US President Donald Trump set a new deadline on Monday of 10 or 12 days for Russia to make progress toward ending the war in Ukraine or face consequences, underscoring frustration with Russian President Vladimir Putin for the 3-1/2-year-old conflict.

Trump has threatened both sanctions on Russia and buyers of its exports unless progress is made. The fresh deadline suggests the US president is prepared to move forward on those threats after previous hesitation to do so.

Speaking in Scotland, where he is holding meetings with European leaders and playing golf, Trump said he was disappointed in Putin and shortening a 50-day deadline he had set on the issue earlier this month.

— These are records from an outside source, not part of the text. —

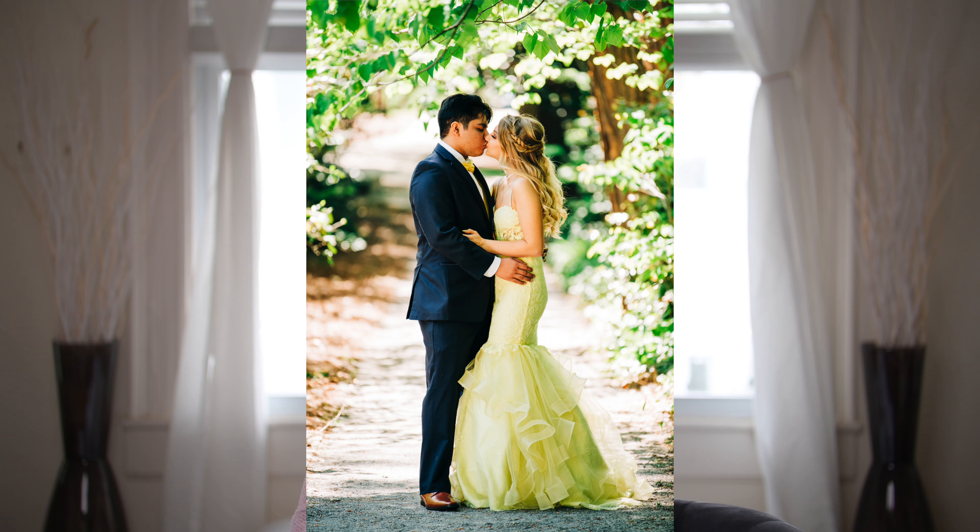First, you want to establish the level of PDA that you can have with your clients — the parents and your prom subjects. Some parents and teenagers have an extremely lenient level of PDA, and some don't want to see it at all. You need to establish that because they are the ones allowing you to photograph their children and paying you to do so. If little to no PDA is required, this is definitely the video for you.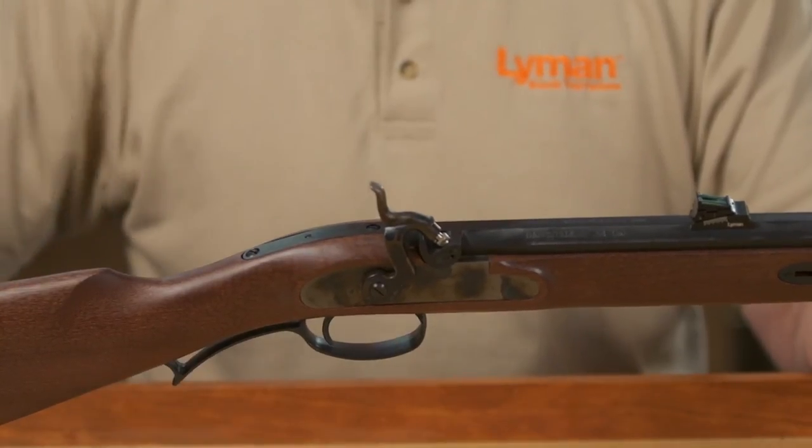If you still cannot install the wedge, then the rifle should be returned to Lyman Products for repair. Never force the wedge into the stock, as this can cause the stock to crack when the rifle is fired.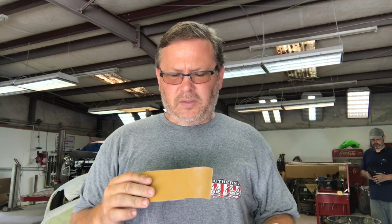Alright, so we've got the bumper guide-coated. We're going to start sanding it with 320 on a block. There was hardly any repair, just more or less filling chips, so there's no reason to get on it with anything super aggressive. We're going to start with 320 and finish off with 600 wet. So here we go.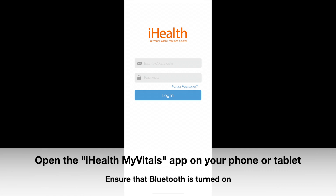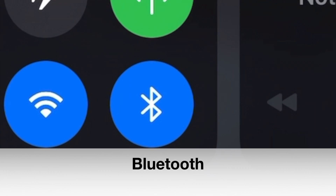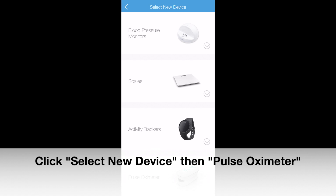After charging the device, from your smartphone or tablet, navigate to the iHealth My Vitals app. Ensure that Bluetooth is turned on. Then connect your device to the iHealth app — click Setup My Devices from the menu bar, select New Device, then click Pulse Oximeter.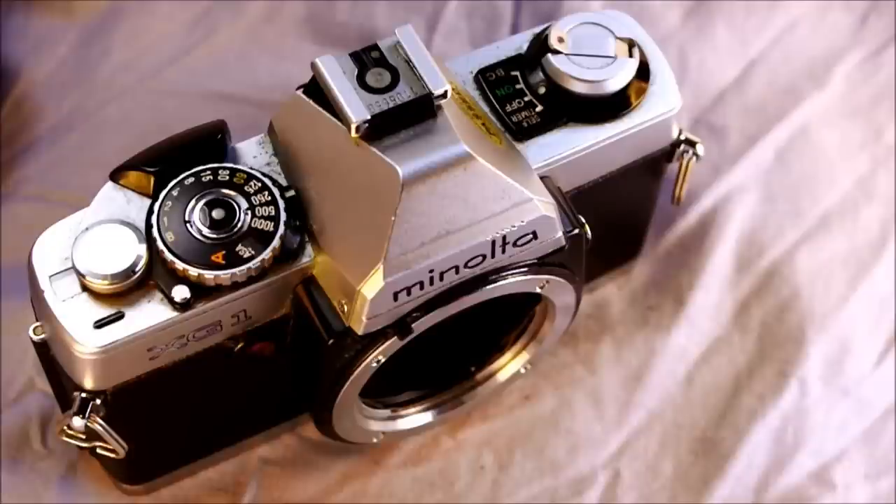Don't let your camera get wet. This is an entry-level to mid-range camera with no weather sealing, so water can cause a short in the circuitry and ruin the camera. Treat your camera as a precision tool with care and respect, and it will treat you well.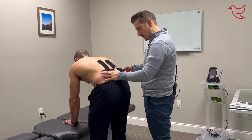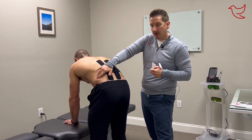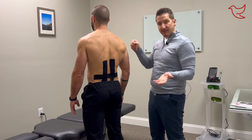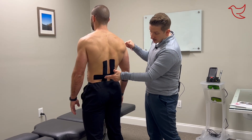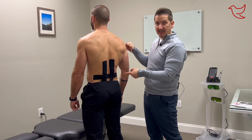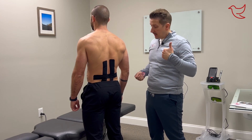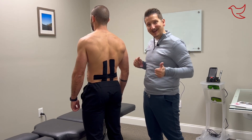Daniel, stand up for me. What you're looking for — when he was bending forward there were no ripples in the tape, it was nice and long. As soon as he stood up we got all these ripples and folds — that is exactly what you are looking for. That is a perfect tape job right there. If you have any questions about whether tape would help you, email us any of your questions. Always remember to live with passion and not pain.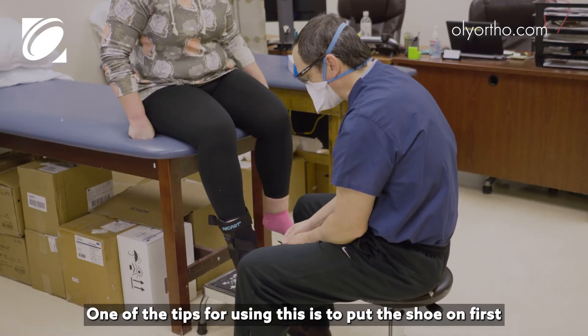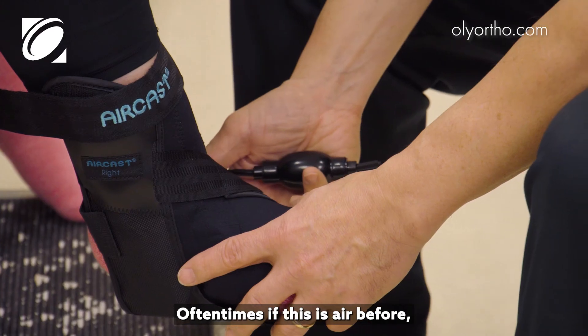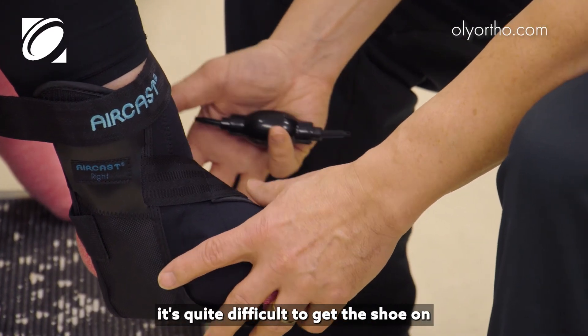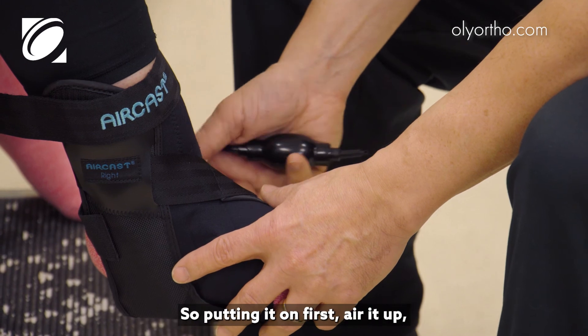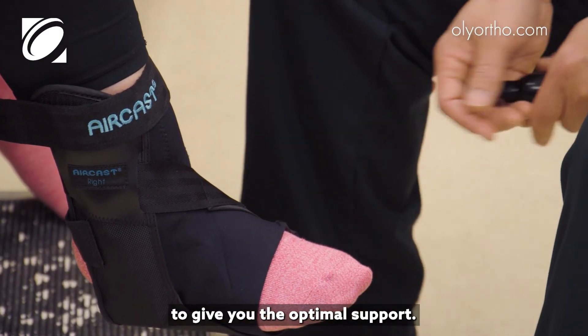One of the tips for using this is to put the shoe on first and then air it up. Oftentimes if this is aired before, it's quite difficult to get the shoe on, and different shoes fit differently. So putting it on first and then airing it up ensures you can get a perfect fit for optimal support.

"I'm going to make a new deadline of about ... 10 or 12 days from today," Trump told reporters during a meeting with British Prime Minister Keir Starmer. "There's no reason in waiting... We just don't see any progress being made."

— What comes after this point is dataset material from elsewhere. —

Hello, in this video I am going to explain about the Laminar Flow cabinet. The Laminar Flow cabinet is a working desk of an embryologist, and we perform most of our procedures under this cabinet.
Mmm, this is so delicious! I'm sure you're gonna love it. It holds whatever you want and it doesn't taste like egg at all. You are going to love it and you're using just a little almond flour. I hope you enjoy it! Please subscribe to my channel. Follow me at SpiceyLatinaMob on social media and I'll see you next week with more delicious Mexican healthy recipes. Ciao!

There was no immediate comment from the Kremlin.

Ukraine welcomed the statement. Andriy Yermak, President Volodymyr Zelenskiy's chief of staff, thanked Trump in a social media post for "standing firm and delivering a clear message of peace through strength."

Trump, who has expressed annoyance also with Zelenskiy, has not always followed tough talk about Putin with action, citing what he deems a good relationship that the two men have had previously.

On Monday, Trump indicated he was not interested in more talks with Putin. He said sanctions and tariffs would be used as penalties for Moscow if it did not meet Trump's demands.

"There's no reason to wait. If you know what the answer is going to be, why wait? And it would be sanctions and maybe tariffs, secondary tariffs," Trump said. "I don't want to do that to Russia. I love the Russian people."

Ukraine had proposed a summit between Putin and Zelenskiy before the end of August, but the Kremlin has said that timeline was unlikely and that a meeting could only happen as a final step to clinch peace.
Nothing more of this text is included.